スマートフォン決済のパイオニアである米スクエア。スマホやタブレットのイヤホンジャックに小型端末「Squareリーダー」を差し、無料のPOS(販売時点情報管理)ソフトをインストールすれば、決済端末として利用できる。初期導入コストが無料で、かつ決済手数料が定額制ということもあり、グローバルでは数百万店、日本でも数万店に導入数が拡大している。米アップルが開始予定のNFC採用のモバイル決済サービス「Apple Pay」、および日本市場の現状について、スクエアの法務渉外担当役員であるダナ・ワグナー氏に話を聞いた。

(聞き手は原 隆=日経コンピュータ


米スクエアの法務渉外担当役員であるダナ・ワグナー氏
米スクエアの法務渉外担当役員であるダナ・ワグナー氏
[画像のクリックで拡大表示]

米アップルがNFC決済「Apple Pay」を発表した。スマホ決済で先行するスクエアにとって、影響が大きいのでは。

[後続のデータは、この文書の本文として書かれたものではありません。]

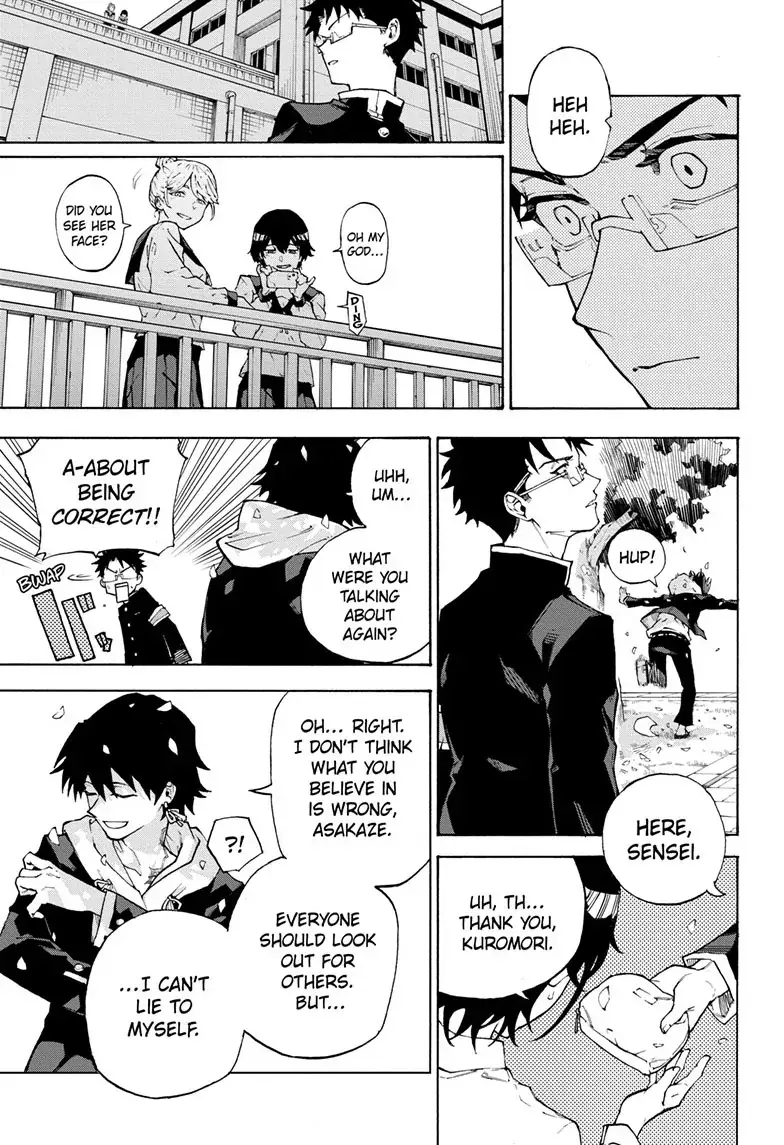 Ruirui Senki Chapter 1 page 14 - 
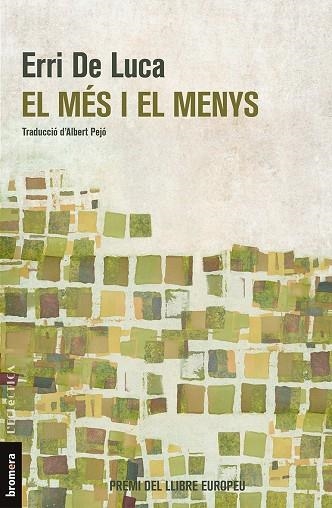 EL MÉS I EL MENYS | 9788490267134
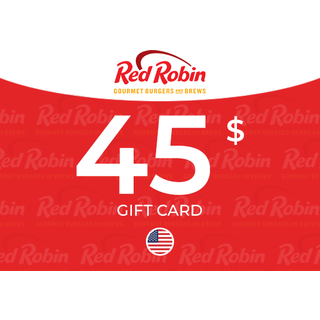 Red Robin Gift Card 45 USD Key - UNITED STATES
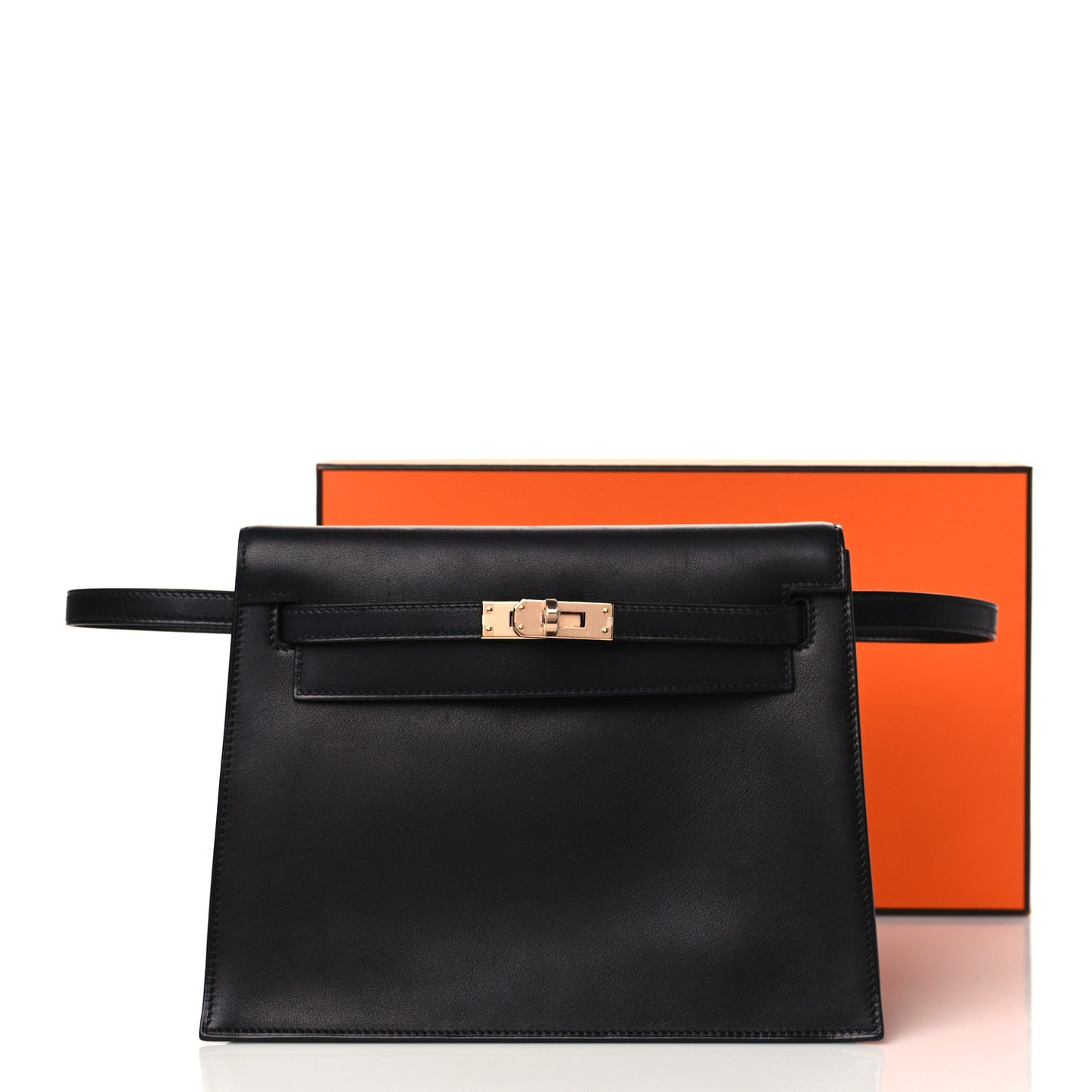 Evercolor Kelly Danse II Belt Bag Black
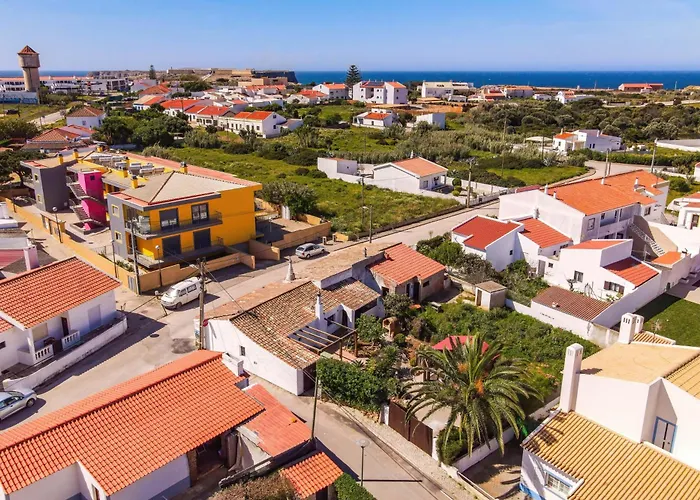 Sagres, Aloha House, 500 Meters From Tonel Sagres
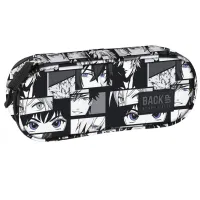 Пенал BackUP Manga Полиэстер / Grey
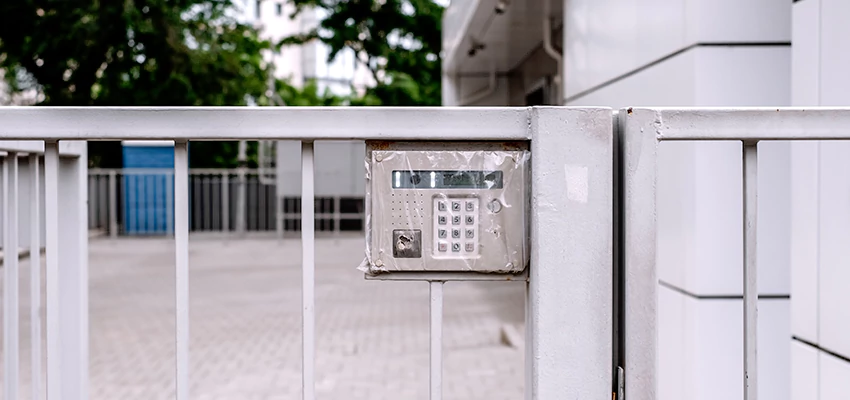 Gate Locks For Metal Gates in McKinleyville, California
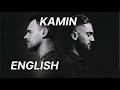 EMIN Feat JONY KAMIN ENGLISH VERSION Cover Alvina Studio Audio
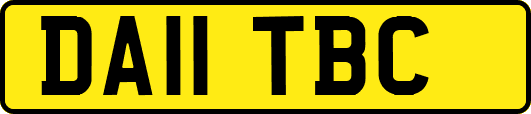 DA11TBC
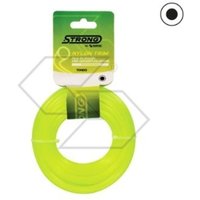 Blistertrimmerschnur STRONG Bürstenschneider runder Querschnitt Ø 1,6 mm Länge 15 m Blistertrimmerschnur STRONG Bürstenschneider runder Querschnitt Ø 1,6 mm Länge 15 m von SABART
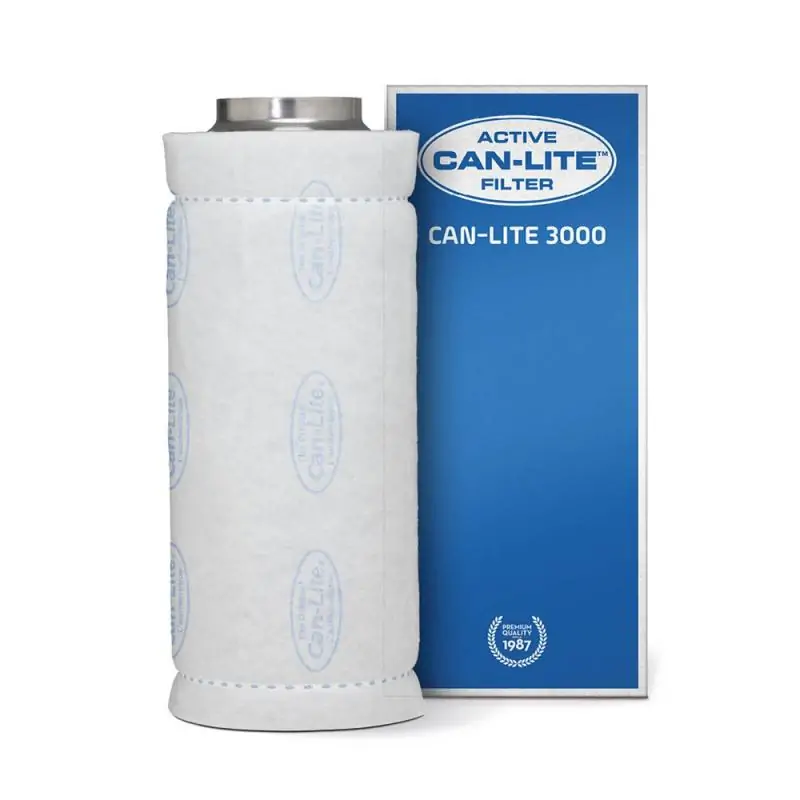 Can Filter Lite 3000 - 250/1.000 - 3.300 m3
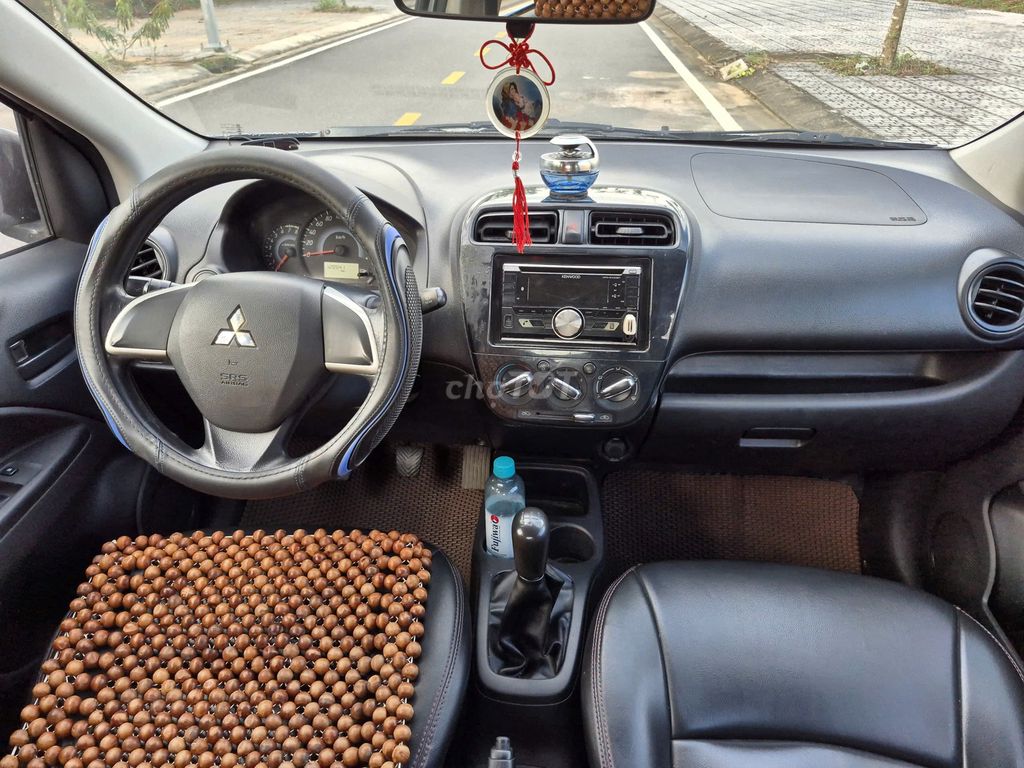 Mitsubishi Mirage 2017 1.2 MT. Mua bán Ô tô tại Huyện Xuân Lộc Đồng Nai được đăng bởi trần hữu phúc hình 11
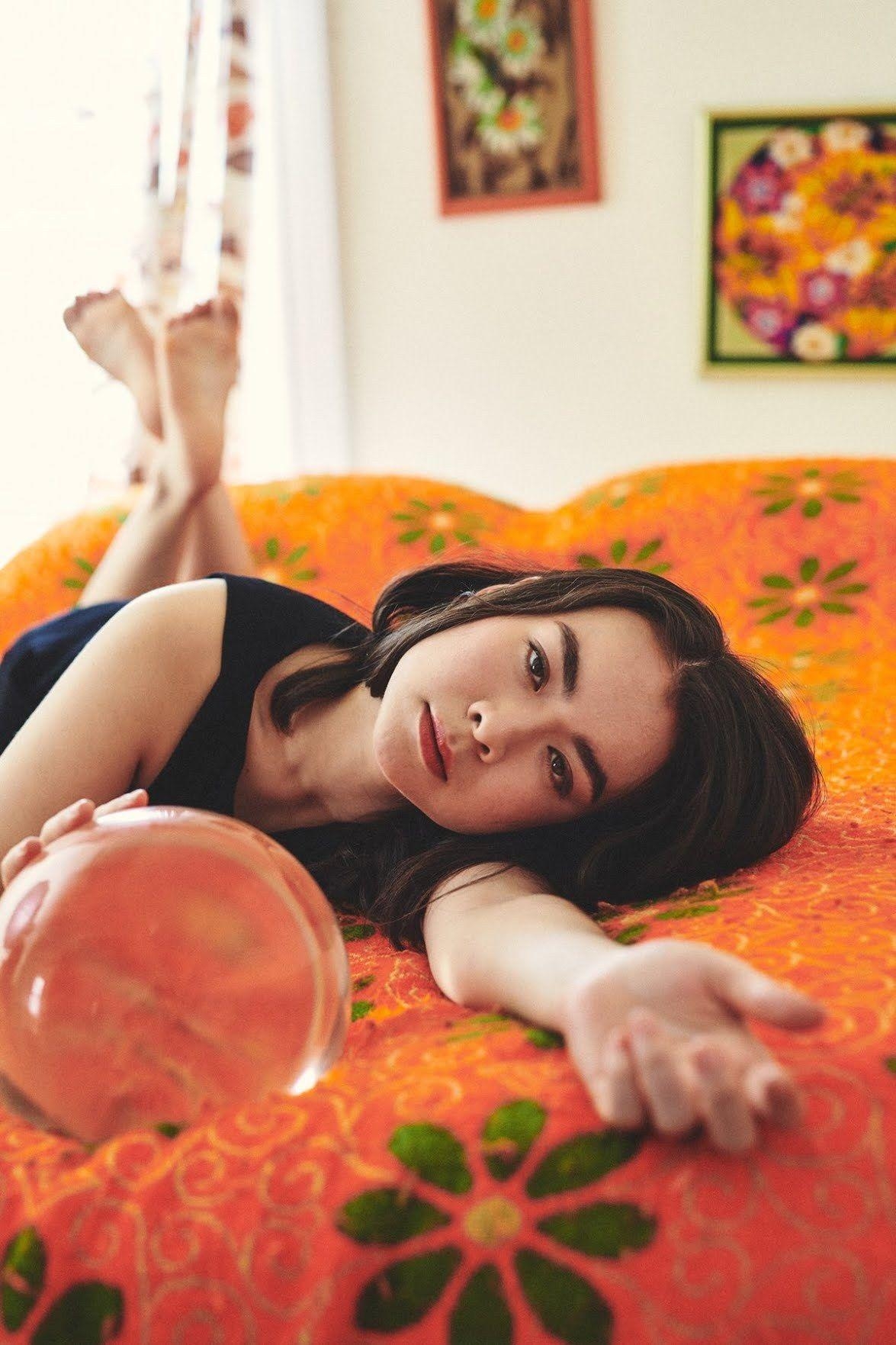 1180x1770 Mitski for GQ. my idols. Music bands, Her music, Music, Phone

 我々にとって(アップルの決済市場参入は)とてもポジティブだ。Apple Payが広がれば、スマートフォンで支払いをするという行為そのものの認知が広がる。だが、アップルと我々では、そもそも立つ側が異なる。アップルは買い手側にイノベーションを起こそうとしているが、我々は事業開始時から一貫して売り手側に寄り添ってきた。クレジットカード決済環境を導入できない店舗にイノベーションを起こしてきたのが我々だ。会社にとってのインパクトはそれぞれだろうが、我々にとっては追い風と見ている。

 NFCであれ、デジタル通貨であれ、新しい決済方法が出てくれば、それを受け入れればいい。スクエアの強みでもあるが、1つのプラットフォームに我々は依存していない。米グーグルのAndroid OS搭載端末でも、iPhoneやApple Watchでも、我々は対応できる。

 だが、実際にはまだ発表されたばかりだし、定着するかどうかは分からない。Apple Payがどのように進展していくのか慎重に見守る必要がある。

Apple Payが広がらない可能性もある?

 僕はEx-Google(グーグル出身)だし、持っている端末はアンドロイドだから、分からない(笑)。1つ言えるのは、スクエアは常に自分たちがポケットに持っているもの、つまり携帯電話決済端末として使えるようにした。NFCは(ハードウエアが別途必要になるという意味でスクエアの戦略には)当てはまっていない。将来的には広がるのかもしれないが、一番の問題は「コスト」だ。投資に見合うだけのインセンティブが小売店側に示されていないのが現状だ。誰かがそのコストを肩代わりすれば、状況は変わるかもしれない。だが、今のところ米国でもその問題がつきまとい、NFCが普及しているとは言いがたい状況だ。